Polanco looked at the cuts and said they “were weak,”
according to witness accounts in documents filed with the state. “Carve
deeper next time,” he was said to have told the boy.

“Look,” Polanco allegedly said, “you can’t even kill yourself.”

The boy’s classmates joined in, with one advising how to cut a main artery, according to the witnesses.

“See,” Polanco was quoted as saying, “even he knows how to commit suicide better than you.”

The Los Angeles school board, citing Polanco’s poor judgment, voted to fire him.

But Polanco, who contended that he had been misunderstood, kept his
job. A little-known review commission overruled the board, saying that
although the teacher had made the statements, he had meant no harm.

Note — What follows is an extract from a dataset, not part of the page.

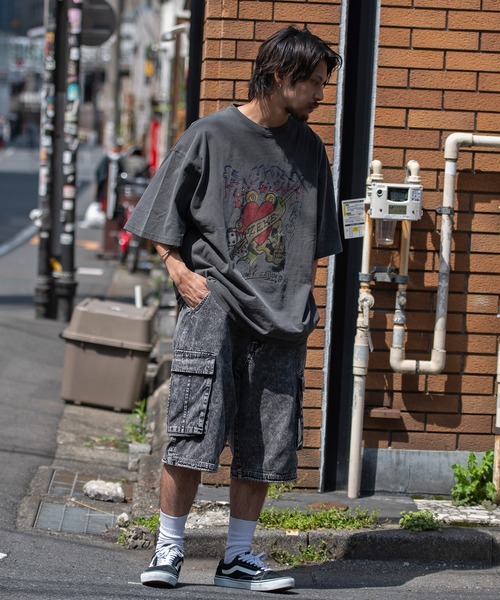 Ed Hardy（エドハーディー）の「『ED HARDY/エドハーディー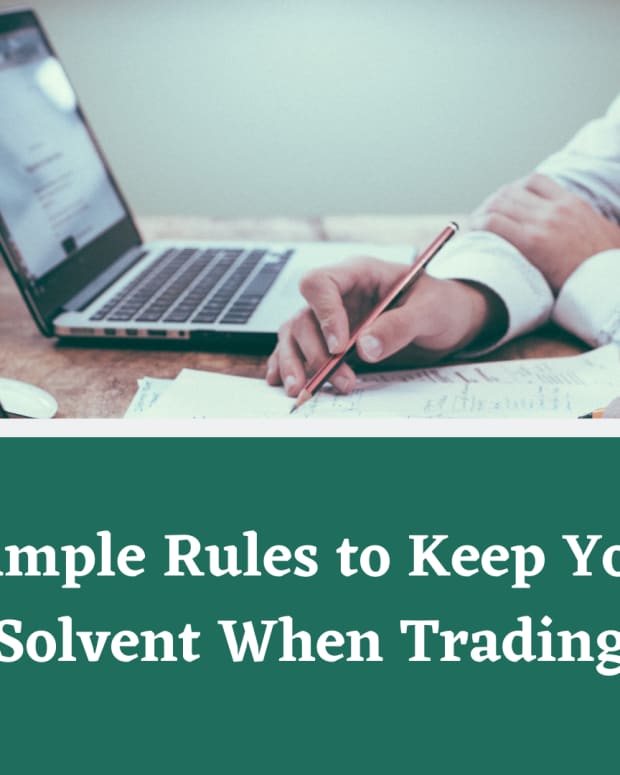 trading-some-simple-rules-to-keep-you-solvent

Not only are the rules for dismissing a teacher for any reason so complex it can takes years, most schools don’t have the lawyers it would take to even decipher what the rules are or where to start.

Other things the Times found were;

* Building a case for dismissal is so time-consuming,
costly and draining for principals and administrators that many say
they don’t make the effort except in the most egregious cases. The vast
majority of firings stem from blatant misconduct, including sexual
abuse, other immoral or illegal behavior, insubordination or repeated
violation of rules such as showing up on time.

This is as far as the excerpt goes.